Riverstone Networks Corner

Tuesday, February 01, 2005

TECH ARTICLE- intro to HRT

HRT is one of the aspects of the Riverstone gear that you can manipulate and use effectively, but you won't find any documentation on it in the Users Guide. So I thought I might give a small intro on HRT and it's issues.

HRT is Riverstone's ability to move routing and flow setup off the CPU and onto the line cards themselves, significantly enhancing the performance of the CPU. HRT uses asics on each line card to store the entire route table generated by the CPU on each line card, so that route lookups for IP flows can happen on the line cards themselves. Then the HRT asic on the line card processes the flow itself, without involving the CPU. Without HRT in effect, every flow on the box must come through the CPU.

ASIC Generations and limitations

The asics that HRT in most Riverstones in use rely on fall generally into two categories, 3rd and 5th Generations. 3rd Generation asics have only 8mb of ram to store the routing table with, and this limits the table size to about 100k routes. 5th Generation asics have 16mb of ram, and thus have a capability of storing about 200k routes. If the asics receive more routes than they can handle, they shut down HRT.

The effect this difference in ram has on the other processes on the box isn't that significant, with the exception of BGP. 3rd Generation boxes running BGP need to keep their FIB below 100k routes so that HRT won't shut down. This can be a real nightmare if you are pushing a high packet rate and running BGP, and suddenly the CPU has to handle both responsibilities because HRT shut itself down.

Another 3rd Generation limitation on the use of HRT revolves around the application of ACL's. 3rd Generation hardware doesn't process ACL's; that job is left to the CPU. Depending on how you apply ACL's on an RS, HRT can be shutdown across some ports on the RS and every port on the RS. An ACL that is applied to an IP interface for inbound traffic only will disable HRT on the ports the interface belongs to. An ACL that is applied to an IP interace for outbound traffic will disable HRT on the entire RS. The impact this has on performance is relative to the packet or ip flow rate on the box. ACL's that are applied to the CPU only have no effect on HRT.

5th Generation hardware overcomes this limitation (when used with the CM5 and ROS 9.3+) and can handle ACL's in the hardware, relieving the CPU of the responsibility.

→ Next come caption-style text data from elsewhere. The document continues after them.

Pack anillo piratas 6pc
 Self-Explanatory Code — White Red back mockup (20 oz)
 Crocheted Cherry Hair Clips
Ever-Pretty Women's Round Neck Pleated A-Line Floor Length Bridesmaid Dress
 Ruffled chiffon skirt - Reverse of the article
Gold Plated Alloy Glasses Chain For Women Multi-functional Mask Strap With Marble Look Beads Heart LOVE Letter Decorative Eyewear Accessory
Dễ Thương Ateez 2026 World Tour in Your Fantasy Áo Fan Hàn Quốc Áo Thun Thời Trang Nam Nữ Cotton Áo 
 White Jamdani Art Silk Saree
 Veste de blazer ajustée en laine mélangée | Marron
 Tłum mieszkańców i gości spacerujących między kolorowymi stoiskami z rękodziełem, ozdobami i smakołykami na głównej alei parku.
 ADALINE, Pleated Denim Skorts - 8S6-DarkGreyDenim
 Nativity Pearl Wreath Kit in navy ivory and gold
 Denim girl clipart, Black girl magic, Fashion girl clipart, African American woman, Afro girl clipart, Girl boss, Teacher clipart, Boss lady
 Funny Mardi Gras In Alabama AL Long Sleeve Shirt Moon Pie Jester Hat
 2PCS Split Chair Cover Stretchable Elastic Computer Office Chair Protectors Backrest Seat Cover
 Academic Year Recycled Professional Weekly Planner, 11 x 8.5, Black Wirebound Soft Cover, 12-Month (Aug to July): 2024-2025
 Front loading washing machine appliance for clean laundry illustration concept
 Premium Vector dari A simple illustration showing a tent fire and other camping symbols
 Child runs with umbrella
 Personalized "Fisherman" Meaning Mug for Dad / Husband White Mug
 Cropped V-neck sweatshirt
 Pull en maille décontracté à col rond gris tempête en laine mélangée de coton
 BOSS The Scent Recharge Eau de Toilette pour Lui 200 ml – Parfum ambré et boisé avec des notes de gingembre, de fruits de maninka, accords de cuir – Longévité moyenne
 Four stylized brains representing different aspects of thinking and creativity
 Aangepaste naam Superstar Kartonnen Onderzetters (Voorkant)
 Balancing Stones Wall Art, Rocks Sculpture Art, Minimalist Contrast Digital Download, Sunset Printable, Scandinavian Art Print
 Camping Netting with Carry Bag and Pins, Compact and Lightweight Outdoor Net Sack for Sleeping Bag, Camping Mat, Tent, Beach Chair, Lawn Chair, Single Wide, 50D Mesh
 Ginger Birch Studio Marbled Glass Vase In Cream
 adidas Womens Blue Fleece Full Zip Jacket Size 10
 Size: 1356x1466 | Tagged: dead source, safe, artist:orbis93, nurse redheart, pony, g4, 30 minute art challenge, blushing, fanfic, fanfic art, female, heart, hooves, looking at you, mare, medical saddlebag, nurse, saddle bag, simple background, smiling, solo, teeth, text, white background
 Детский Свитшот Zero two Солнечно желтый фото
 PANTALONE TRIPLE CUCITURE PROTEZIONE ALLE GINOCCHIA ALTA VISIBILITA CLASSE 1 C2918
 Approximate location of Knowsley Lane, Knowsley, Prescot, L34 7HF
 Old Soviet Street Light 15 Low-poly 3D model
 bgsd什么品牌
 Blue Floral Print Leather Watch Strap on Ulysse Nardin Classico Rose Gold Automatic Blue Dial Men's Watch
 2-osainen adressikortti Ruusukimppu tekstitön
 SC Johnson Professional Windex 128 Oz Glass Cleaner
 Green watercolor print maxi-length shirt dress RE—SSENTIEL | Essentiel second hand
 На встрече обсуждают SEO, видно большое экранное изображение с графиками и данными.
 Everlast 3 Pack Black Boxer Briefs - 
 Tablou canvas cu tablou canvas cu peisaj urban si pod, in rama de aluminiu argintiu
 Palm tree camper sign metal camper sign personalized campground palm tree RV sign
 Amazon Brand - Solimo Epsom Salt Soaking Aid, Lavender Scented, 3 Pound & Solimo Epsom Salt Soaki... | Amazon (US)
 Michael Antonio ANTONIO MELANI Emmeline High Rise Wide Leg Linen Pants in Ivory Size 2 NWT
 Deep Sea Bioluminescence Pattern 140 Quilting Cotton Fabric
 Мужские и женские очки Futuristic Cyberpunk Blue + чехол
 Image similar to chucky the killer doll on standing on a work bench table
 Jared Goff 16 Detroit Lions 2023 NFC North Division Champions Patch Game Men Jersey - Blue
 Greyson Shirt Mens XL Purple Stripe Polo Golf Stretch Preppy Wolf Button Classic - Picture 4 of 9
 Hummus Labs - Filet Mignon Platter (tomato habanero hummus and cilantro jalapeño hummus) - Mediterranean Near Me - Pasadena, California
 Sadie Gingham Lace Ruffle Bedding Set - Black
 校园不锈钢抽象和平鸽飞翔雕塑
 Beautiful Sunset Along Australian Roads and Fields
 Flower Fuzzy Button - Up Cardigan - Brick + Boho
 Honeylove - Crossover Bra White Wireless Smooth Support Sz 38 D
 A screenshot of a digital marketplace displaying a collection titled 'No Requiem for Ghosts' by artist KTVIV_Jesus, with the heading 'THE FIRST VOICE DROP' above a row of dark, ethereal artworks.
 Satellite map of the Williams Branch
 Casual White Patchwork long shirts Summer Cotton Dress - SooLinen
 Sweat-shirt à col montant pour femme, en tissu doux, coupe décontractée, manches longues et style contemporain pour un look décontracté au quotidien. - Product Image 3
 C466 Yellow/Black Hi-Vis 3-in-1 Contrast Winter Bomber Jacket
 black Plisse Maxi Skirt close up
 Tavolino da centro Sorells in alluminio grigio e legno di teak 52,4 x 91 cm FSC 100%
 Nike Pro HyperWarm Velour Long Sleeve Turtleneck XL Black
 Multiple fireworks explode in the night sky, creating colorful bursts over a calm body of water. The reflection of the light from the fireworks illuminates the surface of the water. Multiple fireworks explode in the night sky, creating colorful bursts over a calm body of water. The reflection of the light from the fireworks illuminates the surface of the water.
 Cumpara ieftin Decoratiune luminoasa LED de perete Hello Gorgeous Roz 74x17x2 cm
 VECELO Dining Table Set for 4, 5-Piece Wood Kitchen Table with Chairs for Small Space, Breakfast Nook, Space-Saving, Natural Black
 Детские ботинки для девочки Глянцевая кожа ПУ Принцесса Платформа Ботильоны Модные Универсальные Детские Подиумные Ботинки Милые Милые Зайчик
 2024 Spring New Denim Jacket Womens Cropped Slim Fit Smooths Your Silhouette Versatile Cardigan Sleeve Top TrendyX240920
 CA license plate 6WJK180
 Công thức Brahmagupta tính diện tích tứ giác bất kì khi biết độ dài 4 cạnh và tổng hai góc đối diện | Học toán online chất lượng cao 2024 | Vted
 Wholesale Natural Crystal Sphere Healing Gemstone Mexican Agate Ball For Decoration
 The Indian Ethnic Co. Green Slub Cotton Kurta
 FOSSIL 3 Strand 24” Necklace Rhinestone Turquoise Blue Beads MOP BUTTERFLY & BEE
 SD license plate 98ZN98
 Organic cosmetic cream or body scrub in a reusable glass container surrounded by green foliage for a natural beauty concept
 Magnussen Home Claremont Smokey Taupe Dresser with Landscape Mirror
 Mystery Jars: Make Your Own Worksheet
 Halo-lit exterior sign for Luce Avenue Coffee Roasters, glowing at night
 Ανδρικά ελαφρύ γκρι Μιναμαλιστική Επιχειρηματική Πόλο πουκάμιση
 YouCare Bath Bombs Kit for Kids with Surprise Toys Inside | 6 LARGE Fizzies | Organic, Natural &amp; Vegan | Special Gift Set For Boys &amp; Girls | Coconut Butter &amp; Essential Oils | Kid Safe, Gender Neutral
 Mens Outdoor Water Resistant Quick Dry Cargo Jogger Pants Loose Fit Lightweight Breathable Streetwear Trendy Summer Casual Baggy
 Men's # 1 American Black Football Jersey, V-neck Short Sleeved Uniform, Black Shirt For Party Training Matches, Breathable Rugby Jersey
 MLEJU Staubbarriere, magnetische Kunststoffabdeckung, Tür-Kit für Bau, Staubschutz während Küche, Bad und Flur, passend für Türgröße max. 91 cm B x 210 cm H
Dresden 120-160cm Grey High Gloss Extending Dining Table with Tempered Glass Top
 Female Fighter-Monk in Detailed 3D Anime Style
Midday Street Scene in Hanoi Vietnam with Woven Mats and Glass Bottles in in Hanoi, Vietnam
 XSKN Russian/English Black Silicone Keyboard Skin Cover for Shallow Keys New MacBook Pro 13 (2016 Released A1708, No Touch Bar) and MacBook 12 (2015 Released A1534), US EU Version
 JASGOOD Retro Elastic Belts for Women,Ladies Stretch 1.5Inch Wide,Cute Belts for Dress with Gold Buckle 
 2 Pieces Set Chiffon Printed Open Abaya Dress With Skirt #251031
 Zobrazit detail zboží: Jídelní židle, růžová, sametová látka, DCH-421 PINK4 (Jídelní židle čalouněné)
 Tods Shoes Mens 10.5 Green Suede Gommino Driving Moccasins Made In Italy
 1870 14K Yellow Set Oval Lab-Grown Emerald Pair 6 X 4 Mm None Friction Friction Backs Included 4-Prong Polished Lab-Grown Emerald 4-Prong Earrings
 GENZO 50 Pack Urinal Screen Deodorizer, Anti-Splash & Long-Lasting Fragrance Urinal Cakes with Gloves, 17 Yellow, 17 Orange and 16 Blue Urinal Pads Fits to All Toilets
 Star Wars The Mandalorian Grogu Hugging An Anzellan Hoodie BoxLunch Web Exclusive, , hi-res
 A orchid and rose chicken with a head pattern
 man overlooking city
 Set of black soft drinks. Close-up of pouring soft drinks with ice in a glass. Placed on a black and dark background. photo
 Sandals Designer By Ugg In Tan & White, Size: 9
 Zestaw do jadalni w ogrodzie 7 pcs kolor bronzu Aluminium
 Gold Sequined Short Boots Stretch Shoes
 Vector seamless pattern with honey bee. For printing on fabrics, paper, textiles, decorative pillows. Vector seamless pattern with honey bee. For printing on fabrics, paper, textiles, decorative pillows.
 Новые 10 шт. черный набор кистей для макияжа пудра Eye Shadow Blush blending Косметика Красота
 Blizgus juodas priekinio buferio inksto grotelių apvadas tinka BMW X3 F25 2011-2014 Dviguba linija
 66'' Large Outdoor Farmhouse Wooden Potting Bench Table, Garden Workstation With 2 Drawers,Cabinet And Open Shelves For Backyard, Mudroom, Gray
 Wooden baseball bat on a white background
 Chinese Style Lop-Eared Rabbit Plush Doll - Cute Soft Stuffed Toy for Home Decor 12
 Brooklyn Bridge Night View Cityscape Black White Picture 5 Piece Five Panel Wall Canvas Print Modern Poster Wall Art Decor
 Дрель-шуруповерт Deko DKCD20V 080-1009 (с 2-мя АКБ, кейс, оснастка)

On a side note, while 5th generation asics are definitely much better (and more expensive) than their 3rd Gen counterparts, depending on a particular network's needs, 3rd Gen hardware can do the job just fine (look for the upcoming posts about RS as a firewall and BGP router, done on 3rd Gen gear.)

3 Comments:

  • I implemented HRT on my RS-8000s with a CM5 card and the CPU dropped from over 80% to under 30%. The NI H Process is no longer a problem.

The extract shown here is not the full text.